Work also increased. The unemployment rate fell to 3.5% by September 2019. Many liberal economists had assumed the 4.7% unemployment of November 2016 was a floor. More impressive, this rate declined even as the number of people working increased. Labor participation among the prime working-age population increased to 83.1% as of January this year, a rate not seen since 2008. Participation among working-age men exceeded 89% in early 2018 for the first time since 2010.
Wage growth, adjusted for inflation, accelerated after years of stagnation. The improvement was especially pronounced among low-skilled and minority workers left behind by the Obama economy. Median weekly full-time earnings for blacks increased 19% in Mr. Trump’s first three years, to $806. That followed a period of 11% growth during Mr. Obama’s seven post-recession years in office. (See the nearby chart.)
The Obama-Biden policy mix of easy monetary policy, higher taxes and hyperregulation skewed economic gains toward highly educated workers in industries such as tech and finance at the expense of other workers; toward asset owners at the expense of labor income; and toward larger companies at the expense of smaller. These inequities began to unwind under the Trump Administration.
Mr. Trump’s main policy mistake has been trade, which added costs by disrupting supply chains, raising tariffs and adding uncertainty. Tariffs on industrial inputs such as steel bogged down what could have been a bigger manufacturing boom. He made Nafta marginally worse but didn’t blow it up. Economists differ on the costs of this trade friction, but a Federal Reserve study put it at about 1% off annual GDP.

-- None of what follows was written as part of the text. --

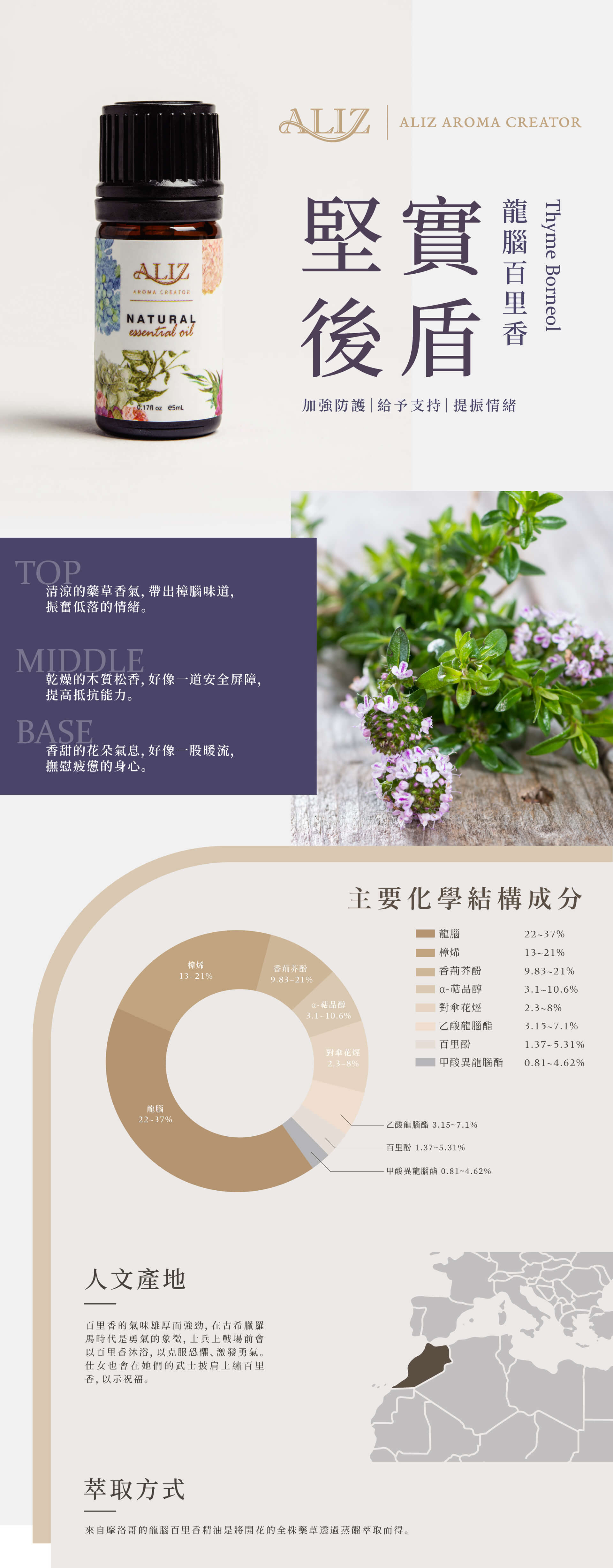 龍腦百里香精油產品資訊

Mr. Trump deserves credit for challenging Chinese trade abuses and intellectual-property theft. But he has been less effective by refusing to build trade alliances, not least his withdrawal from the Trans-Pacific Partnership trade deal that excludes China. His immigration restrictionism has also hurt an economy that needs more workers to grow.
It’s easy to forget this record after the hell millions of Americans have suffered in recent months, and Democrats hope you do. Never before has a government suddenly shut down an entire economy, and Mr. Trump shares the blame. At least he soon reversed course and urged a reopening, while Mr. Biden still says he might lock the country down again.
Amid the Covid nightmare, Mr. Trump has also gone along with Speaker Nancy Pelosi’s demands for Keynesian income supports for individuals to survive the shutdown. But income transfers are no more than a palliative, and the deficits and debt will hang over the economy for decades.
The issue for the election is which candidate and party can best lead America to a sustained post-Covid expansion. Both will rely too much on easy monetary policy. But Mr. Biden would return to the Obama-Biden policy mix, with a Bernie Sanders lurch left: Much higher taxes, much more regulation, trillions in more spending with perhaps a little less protectionism.
Mr. Trump is no free-marketeer, but he’ll try to make his tax cuts permanent, block further regulation, and wouldn’t nationalize health care or the energy industry. He prefers faster growth to raise wages instead of income transfers or welfare. If voters look past the ravages of Covid-19, Mr. Trump has the better case.